La rectrice de l’Université de Sherbrooke confond également liberté de religion et liberté d’opinion, deux droits reconnus comme distincts par la Déclaration universelle des droits de l’homme. Les croyances religieuses ne sont pas véritablement des opinions, car elles ne sont pas sujettes à discussion : les juifs, les chrétiens et les musulmans croient inconditionnellement en l’existence de Dieu et ne peuvent remettre cette croyance en cause sous peine de voir leur foi s’effondrer. Le droit d’opinion ne concerne pas ce genre de dogme ; il touche avant tout les questions sociales et politiques qui sont débattues au sein de la cité.
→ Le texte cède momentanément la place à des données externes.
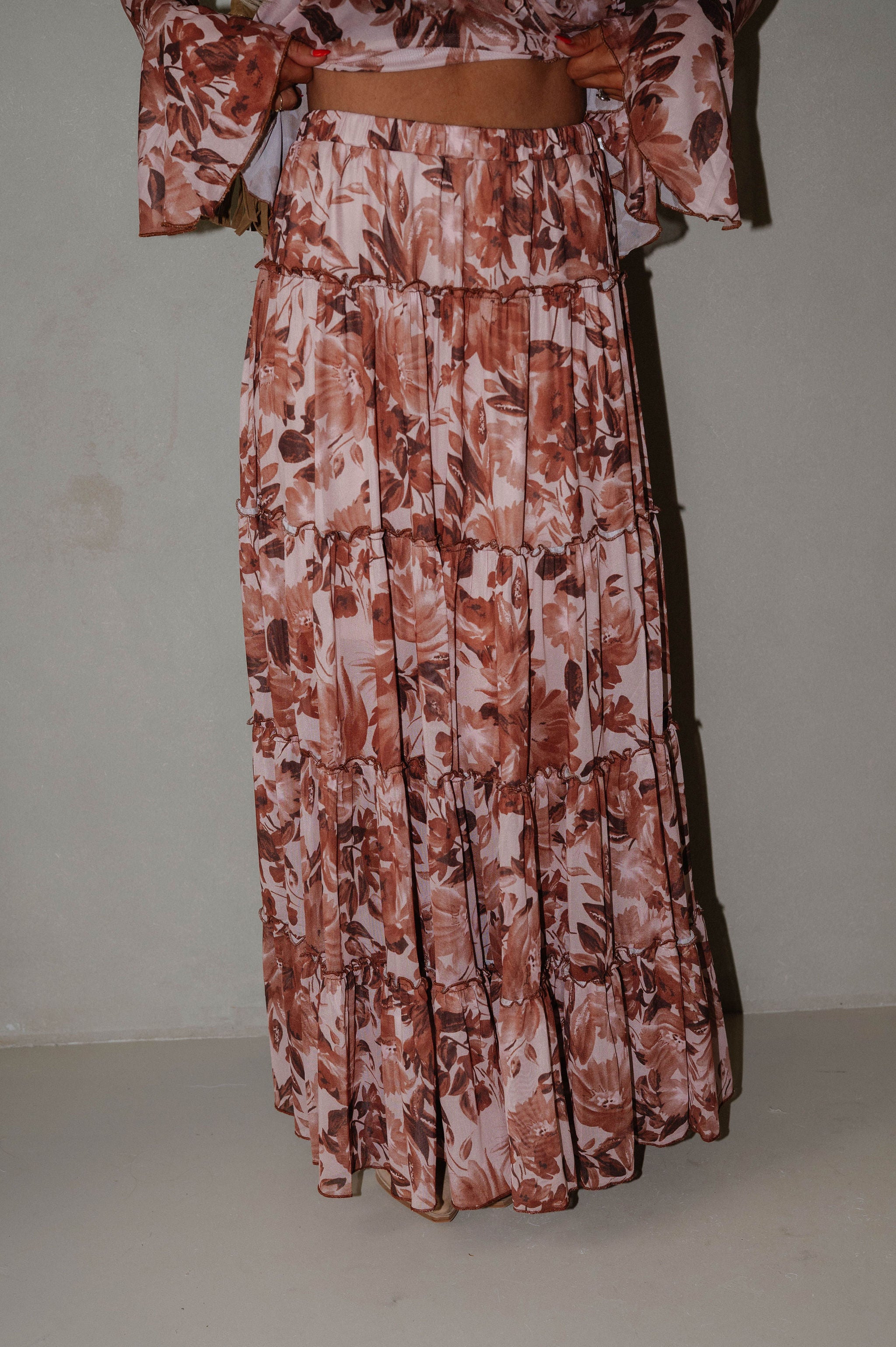 Fall Florals Maxi Skirt Set-Burnt Brown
On ne peut donc pas dire que l’interdiction des signes religieux ostentatoires à l’université brime le droit d’opinion.

Le projet de charte de la laïcité limite le port de signes religieux ostentatoires dans les organismes de l’État en vertu de la neutralité dont ses employés doivent faire preuve. Mais il ne brime pas pour autant la liberté de religion puisque les croyants pourront continuer à professer leur foi partout ailleurs dans la société.

Enfin, parlons du voile islamique puisqu’il est en beaucoup question dans tout ce débat. Au cours de la longue histoire des universités, de grandes luttes ont été menées pour permettre à tout le monde de faire des études universitaires et d’accéder au savoir. Jusqu’au XXe siècle, des groupes entiers de la population étaient exclus de l’université, en particulier les femmes. Au prix d’efforts inouïs déployés pendant des décennies entières, les femmes ont réussi à se faire respecter et à acquérir une formation universitaire à laquelle elles ont droit tout autant que les hommes.

Alors que, dans plusieurs pays musulmans, des universitaires se lèvent pour combattre la ségrégation vestimentaire imposée de plus en plus aux étudiantes avec la montée de l’intégrisme islamique, voilà qu’au Québec on accepterait aveuglément que des femmes portent, dans ce haut lieu du savoir qu’est l’université, un voile qui n’est rien d’autre que le symbole d’une subordination à une religion machiste ? Pareille abdication constituerait une dangereuse régression historique.